We have a very long reserve life here. If you just look at the next four years, I don't think you will be amazed at our share price at the moment. It really is quite unchallenging in our view. Next slide, please. This is a summary slide that we're using when we're talking to shareholders or analysts a little bit at the moment, which is, you know, taking a step back a little bit from all the details, just the strength that we believe we have in this company at the moment.

If I start with the blue, we believe we have a very high quality asset base, long reserve life on it, low operating cost per barrel, all set in favorable taxation regimes. We look at the light blue, and we have organic reserves growth, so we have active development programs in all of our assets. We have exploration assets which could continue to add additional resource to our company. Coming into the yellow on all of this activity is housed within a Norwegian main board-listed company that has, in our opinion, very strong governance, and very good financial discipline, low leverage ratios, a lean structure.

We believe that all this opportunity is housed within a very sensible company with a very good, strong shareholder base and financial support from our lenders. On top of that, we have visible production growth. It depends on your view, of course, of oil price, but we are growing our production into a time of high macro oil prices. This is not a declining business. This is a growing business as we speak. With that, I will finish off my story and turn it over to any questions if there are any. As a reminder, you can raise your hand using the hand icon, or you can type a question into the question panel.

Andy Dymond
Head of Corporate Finance and Communications, Panoro

John, the first question from Stéphane Foucaud is: Given the current high oil prices, what needs to happen for the Block G joint venture in Equatorial Guinea to sanction further infill drilling activity?

John Hamilton
CEO, Panoro

It's a really good question. Stephane, what I'd say is that, you know, if you look at the reserve base there and the contingent resource base, which we've talked about a lot, in Equatorial Guinea, you know, when we bought the asset, we had to assume, and oil was $45, nothing else would really happen. We knew that the operator, Trident, had spent three years investing a lot of capital to improve the infrastructure that they had taken over from Amerada Hess, and spent a lot of time and money just maintaining a flat line of production, and improving the deliverability and the infrastructure of those assets. 2021 was the first year that they drilled any new wells. We talked about the two wells.

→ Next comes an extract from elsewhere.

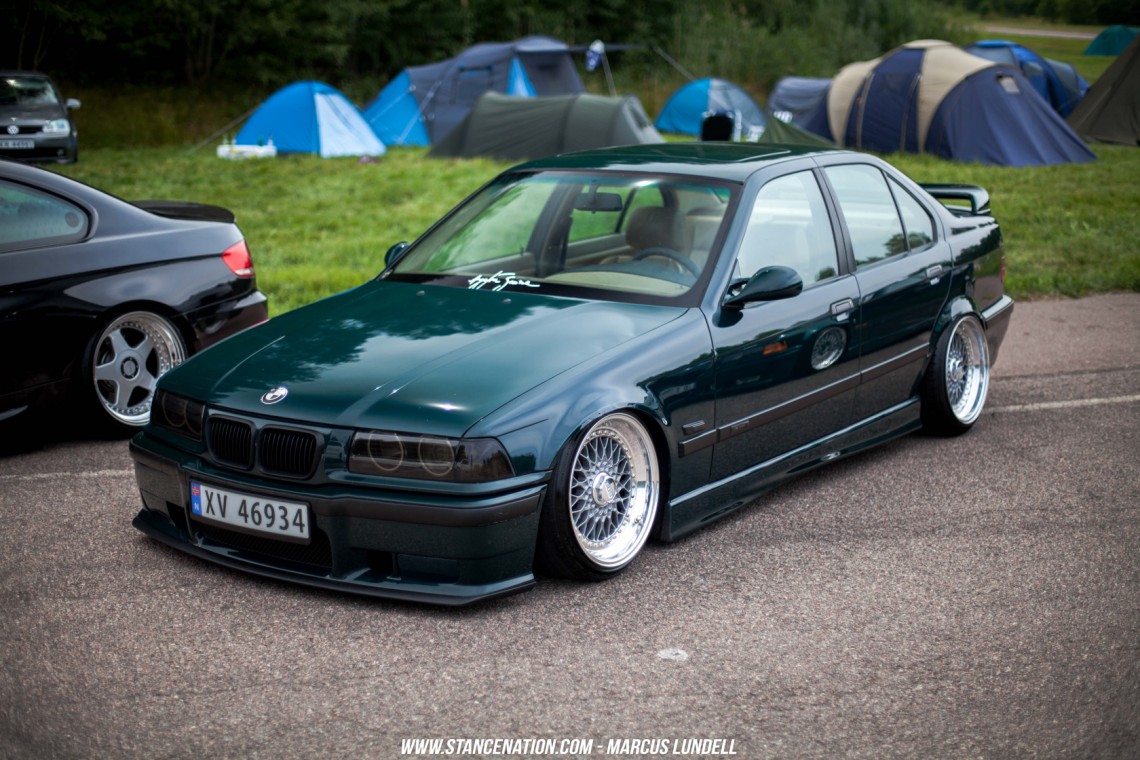 Royal Fitment- Invasion Photo Coverage-69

That was the first hint that we had, that you know, that the operator and the joint venture together with the government were looking at growing production for the first time. Now, that's been achieved, and that was our kind of hint that the operator was gonna do things. We couldn't assume they were gonna do anything more, so we planned for nothing else, really. What's happening now is, you know, we're really benefiting from 4D seismic on this asset, and there are many opportunities remaining on this block. What needs to happen, the joint venture needs to agree on work program and budget. Those have been well scoped out by the joint venture partners.

There needs to be some dialogue with the government in respect of that work program, which is a typical thing that happens annually, and those conversations are ongoing. It's really just a question of lining everybody up, all the stakeholders, including the government in respect of a forward-looking work program and budget. It's already been approved for 2022, which, as I suggested, is gonna see a lot of activity that will yield production growth from where we were last year. The big question is, you know, when will we get after bringing a drilling rig in, and that could be as early as 2023. We hope it will be.

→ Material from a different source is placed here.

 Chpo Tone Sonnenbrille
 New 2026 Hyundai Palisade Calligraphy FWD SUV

It just needs a little bit more time to work with the government on exactly how that works and when that's gonna happen. I don't know, Andy. I don't know that there's so many more questions. I know that we have. I think there's some school holidays also in Norway.

Andy Dymond
Head of Corporate Finance and Communications, Panoro

Yeah.

John Hamilton
CEO, Panoro

Um-

Andy Dymond
Head of Corporate Finance and Communications, Panoro

Okay, John. Another question submitted online with-

John Hamilton
CEO, Panoro

Okay.

Andy Dymond
Head of Corporate Finance and Communications, Panoro

With regards to Dussafu. Can you provide an update on the current status of the gas lift capacity situation at Dussafu? Have operations been restored following the planned maintenance shutdown in January? Is the timeframe for the installation of new gas lift compression unchanged at Dussafu? That question is from Risto Heinonen .

John Hamilton
CEO, Panoro

Yes. As flagged by BW, who announce tomorrow, I believe, as well, you may get some additional color from them as well tomorrow. There was a planned shutdown. That's all fine. Production's been restored. That's all gone to plan. The gas lift compression project is still ongoing. We have no additional guidance on that at the moment other than say that it's underway. Production on the field has been strong. It's been held back, as we know, because of the lack of compression, so it's not operating at its full capacity, but the asset is doing quite well.

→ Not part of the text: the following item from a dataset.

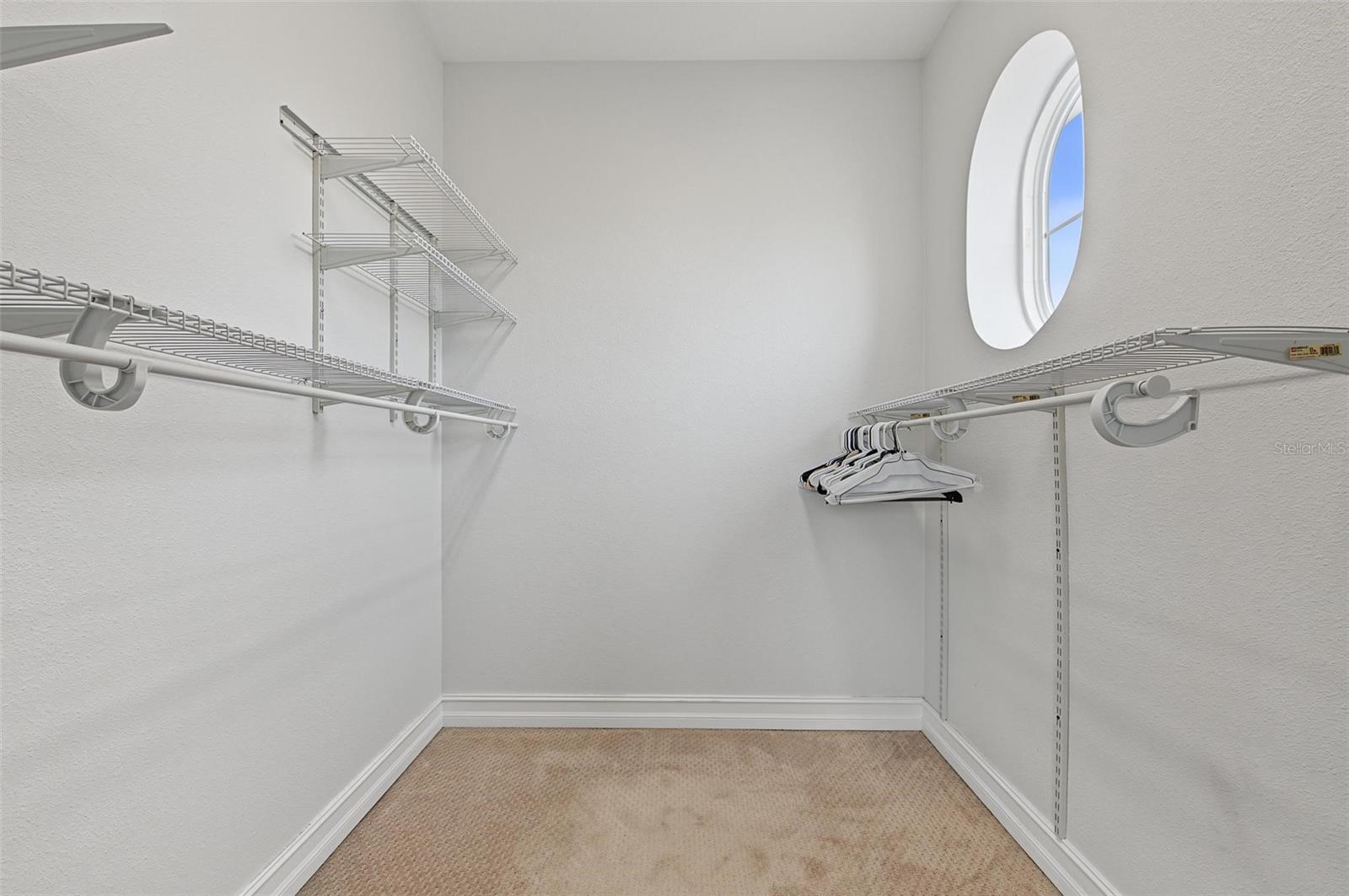 6921 INTERBAY BLVD #8 — photo 26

We're not quite in a position to give an update on the exact timing of the big solution on the gas lift compression. It's possible that BW tomorrow may be drawn out to say a little bit more, but at the moment, progress is underway.

Andy Dymond
Head of Corporate Finance and Communications, Panoro

Thank you. A question over the phone from Oddvar Bjørgan. Oddvar, you are unmuted now.

Oddvar Bjørgan
Oil Analyst, Carnegie

Yeah. Thank you. I had some problems with the unmuting here. A question about CapEx. Of course, you are guiding $65 million for 2022, and you still have a very impressive free cash flow, yeah, already in 2022. Could you give us a very rough indication of what kind of CapEx you're looking at in 2023?

John Hamilton
CEO, Panoro

Sure. Well, 2023 at the moment, you know, we have the last part of the Hibiscus-Ruche development, so I think we previously got it. If I remember, Oddvar, you have in your model assumed CapEx in 2023. Most of the analysts also have that in their models, and that simply relates to the, you know, the Hibiscus-Ruche development, is ongoing now. First oil is in later this year, but we're gonna be bringing wells on, drilling wells all the way through the first half of next year. You still have the rump there. I don't believe we've put out a number on it, but what I would say is your estimates are accurate.

Because a number of analysts also follow BW, I think these have been well followed. There's no change to that. Tunisia might have some CapEx, but it's gonna be reasonably small, particularly in relation to Hibiscus-Ruche, Dussafu. In Equatorial Guinea, I think you should assume some CapEx, but we just don't know what it is yet. Again, we're trying to solidify plans for next year, but what we'd like to see is additional drilling on that asset, and that will require some CapEx. Will CapEx be as high next year as this year? Probably not.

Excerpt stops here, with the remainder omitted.